**What you need to do**
Could you transcribe the entries below exactly, starting at the line that contains "TBOX - Clean" and stopping at the last line, without any pictures?

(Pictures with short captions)
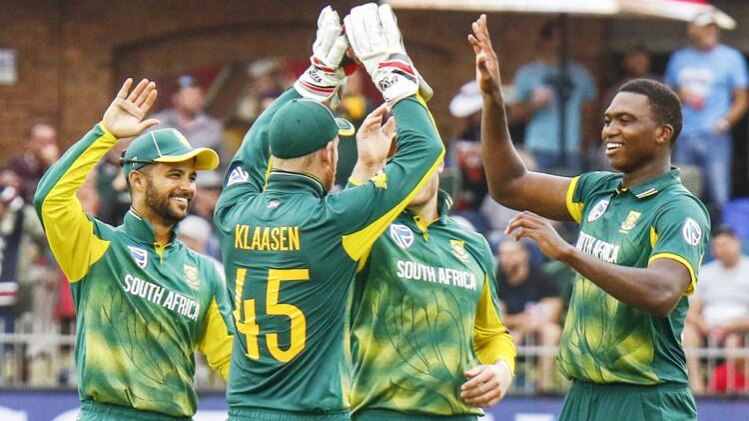 साउथ अफ्रीकी टीम 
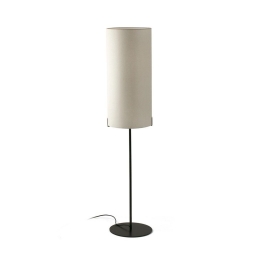 Φωτιστικό Δαπέδου Nila 20055 1xE27 30x140cm Black-White Faro Barcelona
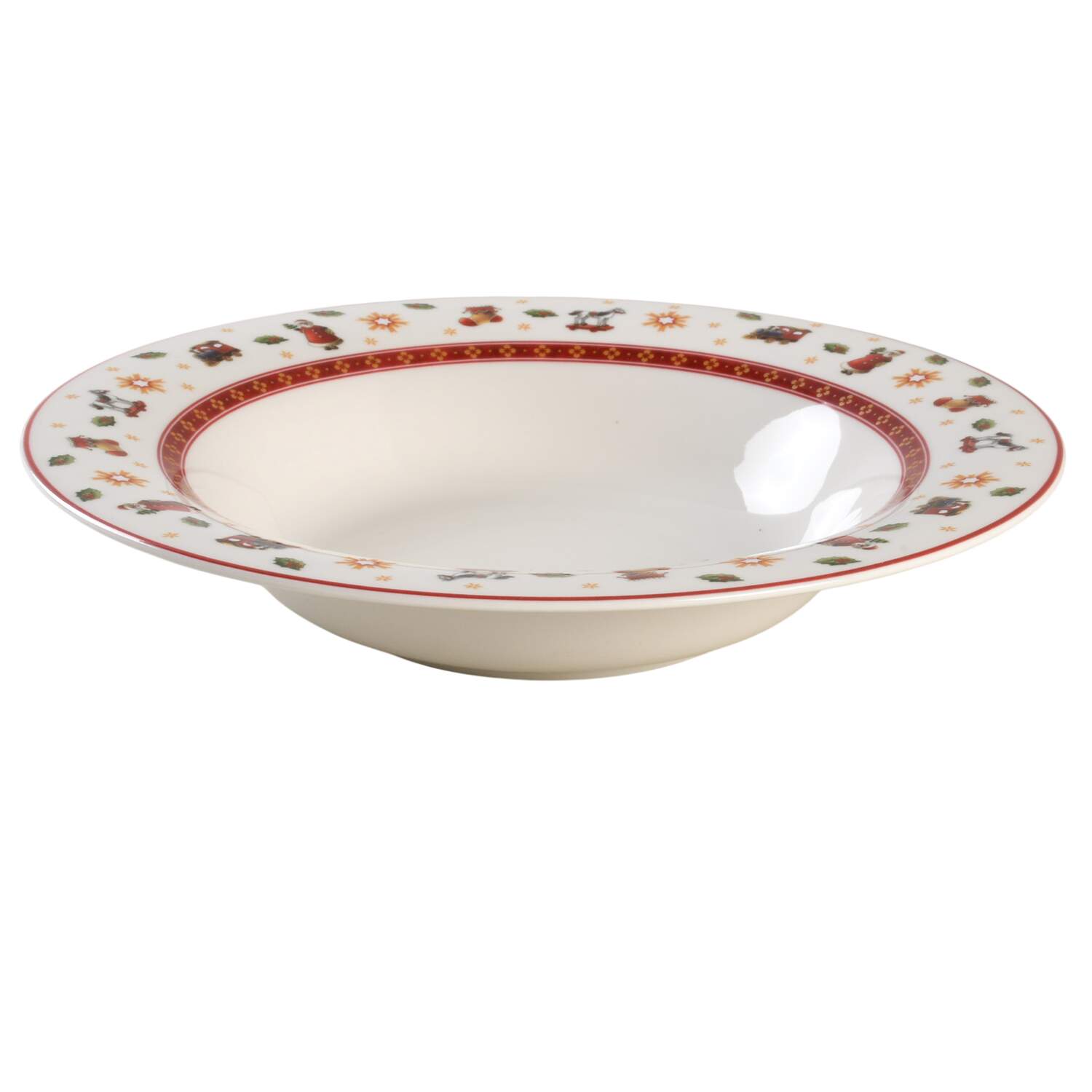 Toy's Delight Large Rim Soup Bowl by Villeroy & Boch-1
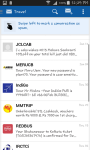 TBOX - Clean and Organized SMS screenshot 1/3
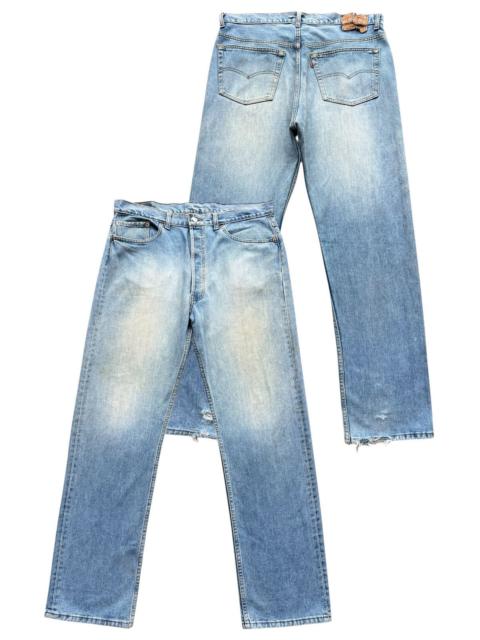 Levi's Vintage 90s Levis 501 USA Stonewash Denim Jeans 36x32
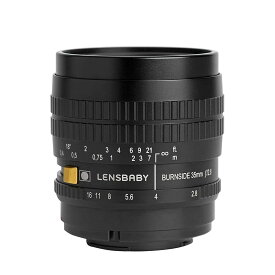 Lensbaby 単焦点レンズ Burnside 35 ソニー αE用 フルサイズ対応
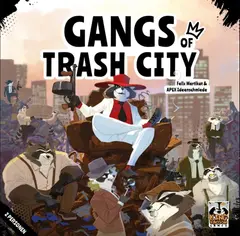 Gangs of Trash City box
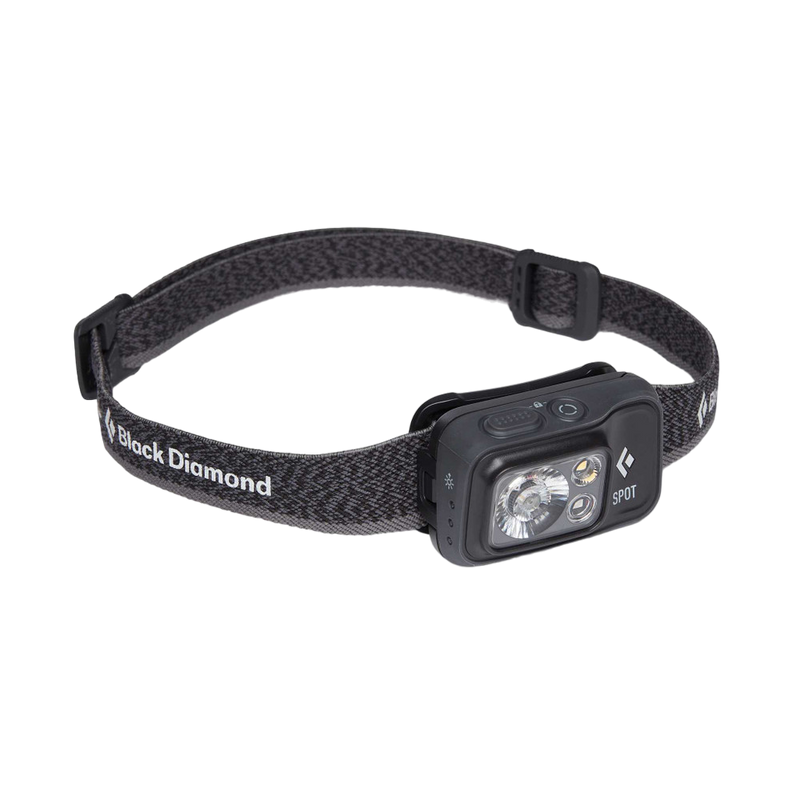 Black Diamond Spot 400 Headlamp | 400 Lumens, Waterproof, Adjustable Beam for Outdoor Adventures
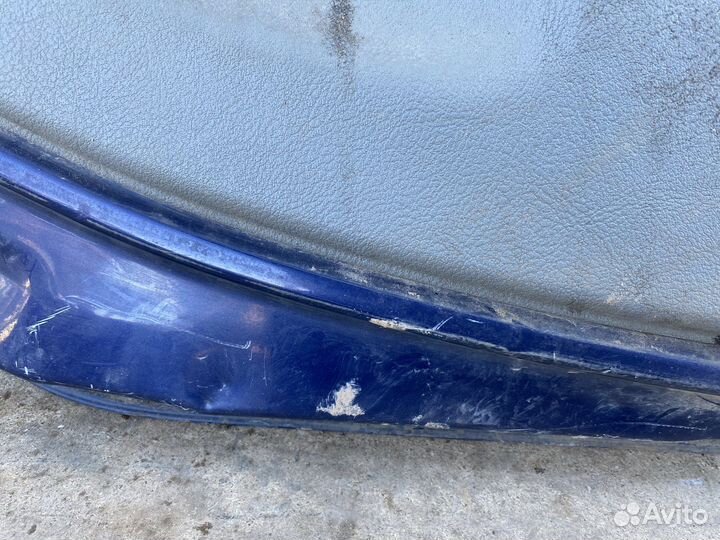 Дверь задняя левая renault symbol 1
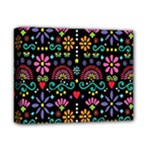 Mexican Folk Art Seamless Pattern Deluxe Canvas 14  x 11  (Stretched)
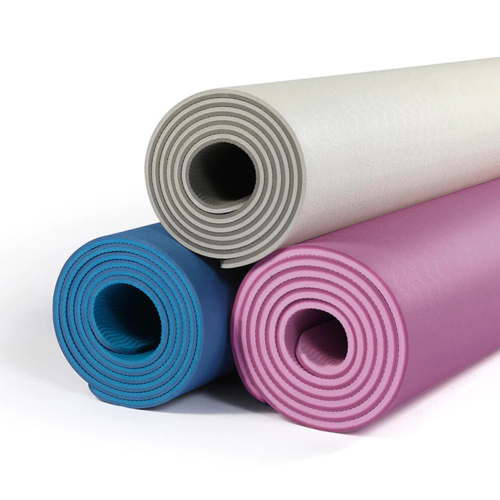 Yunmai TPE yoga mat 6mm floor exercise workout mat environmental gymnastics fitness rubber mats for beginner high quality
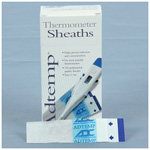 Product Image Adtemp Thermometer Sheaths, 100/bx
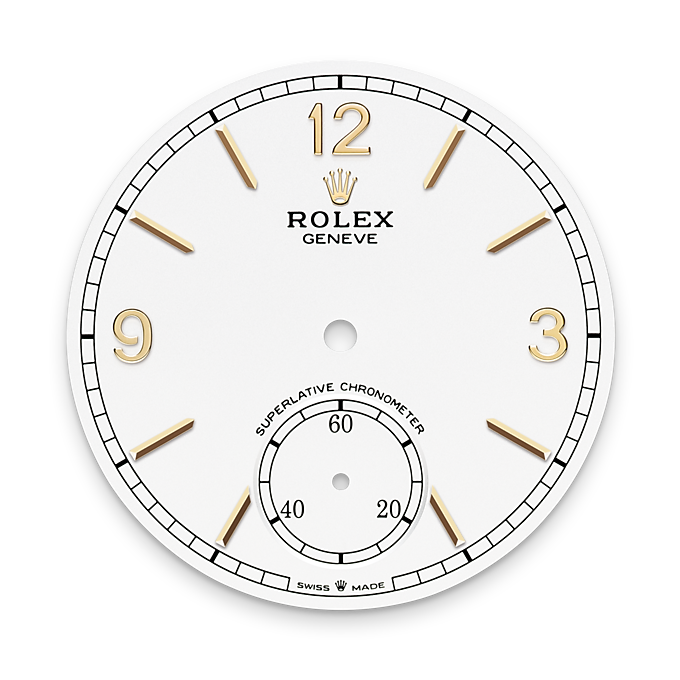 Rolex Perpetual 1908, 39mm, 18k Yellow Gold, Ref# 52508-0006, Dial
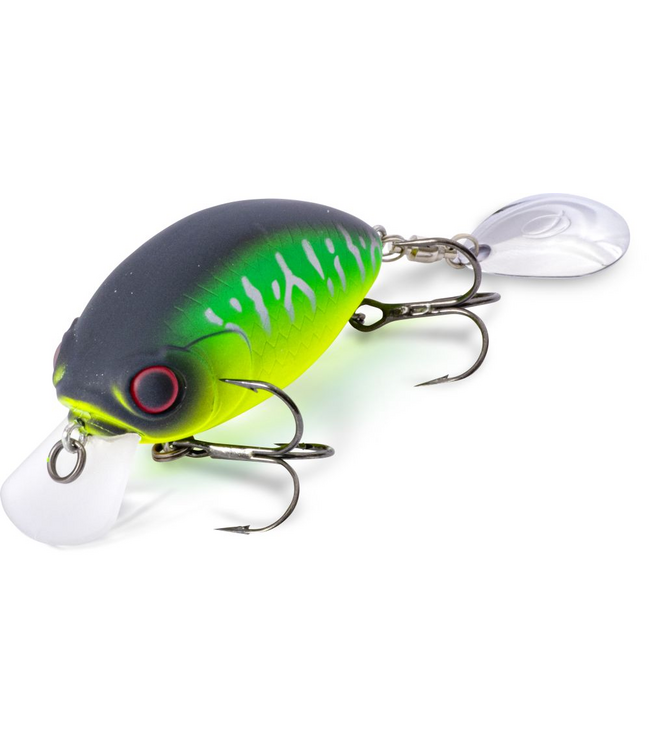 Quantum Q Crank ‘n Blade 6.5cm 12g (diepte 0-1m) Firetiger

**Result**
 TBOX - Clean and Organized SMS screenshot 1/3
 Levi's Vintage 90s Levis 501 USA Stonewash Denim Jeans 36x32
 Lensbaby 単焦点レンズ Burnside 35 ソニー αE用 フルサイズ対応
 Gangs of Trash City box
 Black Diamond Spot 400 Headlamp | 400 Lumens, Waterproof, Adjustable Beam for Outdoor Adventures
 Дверь задняя левая renault symbol 1
 Mexican Folk Art Seamless Pattern Deluxe Canvas 14  x 11  (Stretched)
 Yunmai TPE yoga mat 6mm floor exercise workout mat environmental gymnastics fitness rubber mats for beginner high quality
 Product Image Adtemp Thermometer Sheaths, 100/bx
 Rolex Perpetual 1908, 39mm, 18k Yellow Gold, Ref# 52508-0006, Dial
 Quantum Q Crank ‘n Blade 6.5cm 12g (diepte 0-1m) Firetiger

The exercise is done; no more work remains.